On Oct 7, 2012, at 2:41 PM, lars hofhansl <[EMAIL PROTECTED]> wrote:

> Looks like after all that whining I finally got a successful build.
> But I lost confidence in the current 0.94 code line.
>
> Still, it is possible that all of these were environmental issue. If we can get a few more successful runs, it could be OK.
>
> -- Lars
>
>
>
> ________________________________
> From: lars hofhansl <[EMAIL PROTECTED]>
> To: hbase-dev <[EMAIL PROTECTED]>
> Sent: Saturday, October 6, 2012 11:11 PM
> Subject: State of the 0.94 tests
>
> I've been trying (essentially the entire day) getting a successful jenkins build for 0.94 (triggering the test run periodically from my phone). Not a *single* run succeeded.
> This is clearly not acceptable. Something is off.
>
> The tests that fails the most frequently are:
> - TestSplitTransactionOnCluster.testShouldThrowIOExceptionIfStoreFileSizeIsEmptyAndSHouldSuccessfullyExecuteRollback
> - TestSplitTransactionOnCluster.testShouldClearRITWhenNodeFoundInSplittingState
> (The failure cause most of the time is too many files open, but also fail because of unavailable regions).
>
> Both tests were added recently (since 0.94.2RC2). See HBASE-6854 and HBASE-6853.
>
> Either there is something wrong with the tests, or we introduced some problems in the code base.
>
> Note that I am not dinging these two changes specifically.

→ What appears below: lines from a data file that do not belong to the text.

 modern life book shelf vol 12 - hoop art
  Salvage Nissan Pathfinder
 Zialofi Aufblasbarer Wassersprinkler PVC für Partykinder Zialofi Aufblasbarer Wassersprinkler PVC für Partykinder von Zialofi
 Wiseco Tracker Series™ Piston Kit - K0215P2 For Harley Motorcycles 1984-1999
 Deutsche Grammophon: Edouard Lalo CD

Both were fixes with a lot of thought and care behind them.
>
> There are also various time out issues in other tests.
>
> These were all the fixes added since the last RC:
> [HBASE-4565] - Maven HBase build broken on cygwin with copynativelib.sh call
> [HBASE-6299] - RS starting region open while failing ack to HMaster.sendRegionOpen() causes inconsistency in HMaster's region state and a series of successive problems
> [HBASE-6679] - RegionServer aborts due to race between compaction and split
> [HBASE-6688] - folder referred by thrift demo app instructions is outdated
> [HBASE-6854] - Deletion of SPLITTING node on split rollback should clear the region from RIT
> [HBASE-6871] - HFileBlockIndex Write Error in HFile V2 due to incorrect split into intermediate index blocks
> [HBASE-6888] - HBase scripts ignore any HBASE_OPTS set in the environment
> [HBASE-6889] - Ignore source control files with apache-rat
> [HBASE-6900] - RegionScanner.reseek() creates NPE when a flush or compaction happens before the reseek.

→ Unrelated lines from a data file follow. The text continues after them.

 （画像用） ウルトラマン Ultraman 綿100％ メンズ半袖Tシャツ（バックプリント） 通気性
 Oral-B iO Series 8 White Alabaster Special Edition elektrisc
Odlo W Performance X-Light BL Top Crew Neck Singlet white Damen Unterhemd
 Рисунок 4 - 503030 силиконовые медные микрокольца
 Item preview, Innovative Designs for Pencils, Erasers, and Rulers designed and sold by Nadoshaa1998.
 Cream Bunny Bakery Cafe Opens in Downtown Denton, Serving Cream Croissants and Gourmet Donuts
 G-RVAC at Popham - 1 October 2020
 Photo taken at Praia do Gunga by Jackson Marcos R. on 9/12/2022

> [HBASE-6901] - Store file compactSelection throws ArrayIndexOutOfBoundsException
> [HBASE-6906] - TestHBaseFsck#testQuarantine* tests are flakey due to TableNotEnabledException
> [HBASE-6912] - Filters are not properly applied in certain cases
> [HBASE-6916] - HBA logs at info level errors that won't show in the shell
> [HBASE-6920] - On timeout connecting to master, client can get stuck and never make progress
> [HBASE-6927] - WrongFS using HRegionInfo.getTableDesc() and different fs for hbase.root and fs.defaultFS
> [HBASE-6946] - JavaDoc missing from release tarballs
> [HBASE-5582] - "No HServerInfo found for" should be a WARNING message
> [HBASE-6914] - Scans/Gets/Mutations don't give a good error if the table is disabled.
> [HBASE-6853] - IllegalArgument Exception is thrown when an empty region is spliitted.
>
> Unless somebody (Ram :) ) speaks up I will roll back HBASE-6854 and HBASE-6853 (and maybe HBASE-6299)
>
> I could also roll all of these back except HBASE-6920 (which is the one that sunk the last RC). And leave the rest of the next RC.